Texas Senate Bill 14 To Ban Trans Treatment For Minors


Image by The Texas Tribune

Opponents of Texas Senate Bill 14 (SB 14) rally outside of the Texas State Capitol in Austin, Texas. If passed, the bill will prohibit trans minors from receiving puberty blockers and hormone replacement therapy, and will ban health care plans and medical practitioners from covering or performing medical procedures on trans youth.

The Texas Senate introduced a bill on March 29 that would ban gender-affirming care for trans minors state-wide. If passed, Senate Bill 14 (SB 14) will prohibit health insurance plans and medical practitioners from covering and performing these procedures respectively.

SB 14’s purpose is to specifically ban transition-related care, such as puberty blockers and hormone replacement therapy, which delay the onset of puberty. Physician-recommended treatments for minors with gender dysphoria, the distress someone can feel when their physical body does not align with their gender identity, will also be banned.

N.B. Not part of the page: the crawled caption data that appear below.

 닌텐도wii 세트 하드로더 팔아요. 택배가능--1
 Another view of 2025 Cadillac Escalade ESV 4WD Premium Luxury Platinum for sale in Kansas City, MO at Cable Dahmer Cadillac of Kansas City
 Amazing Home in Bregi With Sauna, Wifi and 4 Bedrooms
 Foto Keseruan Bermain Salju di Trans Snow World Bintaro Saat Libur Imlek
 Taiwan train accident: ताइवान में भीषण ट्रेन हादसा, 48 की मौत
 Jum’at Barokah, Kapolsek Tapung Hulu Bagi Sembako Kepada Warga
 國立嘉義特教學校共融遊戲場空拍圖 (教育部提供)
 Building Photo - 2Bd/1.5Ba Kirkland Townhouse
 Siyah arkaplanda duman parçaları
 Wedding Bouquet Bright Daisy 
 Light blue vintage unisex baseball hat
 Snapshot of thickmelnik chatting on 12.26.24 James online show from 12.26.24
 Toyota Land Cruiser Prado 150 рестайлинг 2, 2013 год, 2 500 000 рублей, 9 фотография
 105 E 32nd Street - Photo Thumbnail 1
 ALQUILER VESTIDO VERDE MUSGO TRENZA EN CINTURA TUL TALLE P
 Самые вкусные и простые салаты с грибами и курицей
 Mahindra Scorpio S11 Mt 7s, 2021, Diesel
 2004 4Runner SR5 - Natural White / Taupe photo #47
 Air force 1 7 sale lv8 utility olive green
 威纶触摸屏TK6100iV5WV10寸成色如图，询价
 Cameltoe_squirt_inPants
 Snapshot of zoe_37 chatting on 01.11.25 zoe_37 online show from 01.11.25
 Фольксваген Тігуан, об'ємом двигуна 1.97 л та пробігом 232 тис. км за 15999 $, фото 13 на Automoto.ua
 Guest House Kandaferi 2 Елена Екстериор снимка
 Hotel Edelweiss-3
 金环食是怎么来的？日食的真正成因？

Although transition-related surgeries are rarely performed on minors, the measure would also prohibit them. 

“I was proud to lay out SB 14 on the floor of the Texas Senate today,” Senator Donna Campbell said. “We must protect children from medically unnecessary, irreversible gender modification treatments.” 

The vast majority of Republicans approve of SB 14, with the entire Republican State Affairs Committee supporting the bill with a voice vote of 7-3. However, Democrats have publicly voiced their disapproval of the bill and expressed their support for the trans community. 

“You have a friend and supporter in me,” Texas House Representative Jolanda Jones said. “I am a part of the [LGBTQIA+]  family and I will vote to protect us all because if you come for one of us, you come for all of us.”

During a legislative session, opponents of SB 14 frequently claimed that the bill’s passing would affect the mental health of transgender youth. They also took the stance that trans treatments have positive effects, citing research they reduce the rate of suicide ideation and attempts of trans and non-binary youth. 

“A blanket ban on these medical treatments is a very blunt instrument for the state to use,” Texas Pediatric Society President Louis Appel said. “It prohibits treatment options that are critical for the health and well-being of a transgender youth with gender dysphoria.” 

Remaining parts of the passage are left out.